Juried shows and competitions have always existed, but in recent years they have become prolific! I lose track of how many email invitations I receive, not counting the numerous announcements on social networks, etc., etc. All of these shows and competitions have one thing in common, they all charge a fee to participate. In recent years it seems to me that artists in particular have become an easy target, presumably because there is no shortage of them and almost all are endeavouring to advance their art careers. As such, the temptation to participate in such events is very great, but does the cost of doing so truly justify the potential (and remember the key word is “potential”!) reward? In a vast majority of cases, I would suggest it does not.
It’s a delicate subject matter, as almost all artists wish to advance themselves and each has there own strategy to do so. Juried shows and competitions are seemingly an obvious way to gain exposure and as such, a small fee (presuming it is a small fee, which is not always the case) seems justified to a great many people. Unfortunately, from what I see on a regular basis, in the vast majority of cases the only people that are really benefiting are the organisers of the events in question. At best, a few select winners will be rewarded via a variety of means, but the other hundreds (and often thousands!) of other participants stand to gain nothing whatsoever. Agreed, not everybody can be a winner, and maybe the fee seems minimal, but in the vast majority of cases, the participating artists are simply lining the pockets of others at their own personal expense. Is this really your objective?
Here come the Judge
As I mentioned earlier, there are literally thousands of such events being proposed, and I could quote examples, but will refrain from doing so. Instead, let us look at a few basic criteria, to try and assist artists to see beyond the publicity blurb and see exactly what they are getting into and what (if anything) they are likely to get out of it. Below is a very brief 10 point check-list, that may prove helpful:-
1. Who are the jury/judges and what are their credentials?
2. Do the members of the jury/judges really have a detailed knowledge of the work they will be reviewing and specifically the work you will be submitting?
3. Are the jury/judges people that you can truly hold in esteem as accredited experts and whose opinions carry valid recognition?
Presuming the answer to 1-3 above is “yes”, let us then also consider the following:-
4. How many people are on the jury/judging panel? In my opinion, less than 3 is not good, because the decisions then become very subjective. However, too many is usually worse!
5. Presuming there is a fee (and there is almost always a fee!), what is the cost of participating and is it truly justified?
6. Does the event benefit from sponsors or advertisers and if so, is that revenue being used to subsidise the event to the benefit of the participants?
7. If I participate, and if I am one of the lucky winners, what do I stand to gain and how will this benefit my career as an artist?
8. If I participate and I am not a winner, do I stand to gain anything at all, or have I simply lost my money?
9. Are there any spin-off benefits to participating and if so what are they?
10. Lastly, do I really want to participate in this event, or is it simply my ego that is driving my rationale?

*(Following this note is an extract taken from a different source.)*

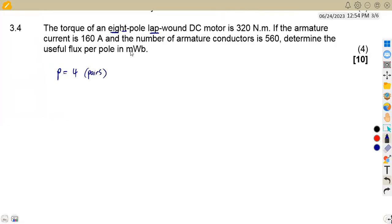It is lap wound, so C is equal to 2P, which is 2 times 4, giving us C = 8. The torque of the DC motor is 320 newton metres.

From a personal perspective, I very rarely participate in any juried shows or competitions, primarily because firstly, I am usually unable to answer the above 10 questions favourably and secondly, because my own career as an artist has (thankfully!) evolved to a stage where I have other options, most of which are more beneficial and with little to no cost to myself (other than my own essential production costs). Notwithstanding, at the outset of my career, I did participate more frequently in such events, albeit on a very selective basis and mostly events with an international focus as opposed to a domestic one. The latter is more personal to me, as my own focus has always been of a global nature, with my own career having always been very cross-boarder.
Other artists may be less concerned with the international nature of the event, but in whatever case, ensure that the event is top-tier within the regional limits of its focus and objective. That is to say, avoid the small, less recognised events, unless there is some unique reason as to why they would be appropriate and thus beneficial to you.
It is a sad reality that the vast majority of all juried shows and competitions are primarily designed to generate vast sums of money to the benefit of the organisers. Rarely are there more than a handful of winners in any of these events and even when the winners are awarded cash sums, it is usually only a fraction of the total revenue that the event has yielded. Ideally, it would be nice to see residual revenue spun across into perhaps parallel or future events, but rarely is this the case. As I mentioned at the outset, artists are seen by a great many as easy targets, and this is understandable, because effectively they generally are!
Thus, before you jump into any such event with both feet, look closely at what it has to offer you. Ask yourself the list of questions referenced above and discriminate as to whether or not you will truly stand to benefit from participating in the event (be it a juried exhibition or a competition). Most of all, do not allow your ego to lead the way and distract you from making a rational decision (which unfortunately, is a common problem for a great many artists!).
Ultimately, if it sounds right, seems right and feels right (in every respect), it probably is right, in which case go for it! Good luck with all of your endeavours to my fellow artists. I hope this article helps you, if only a little, to avoid some of the pitfalls that we all mutually face.
Looking forward to reading your thoughts.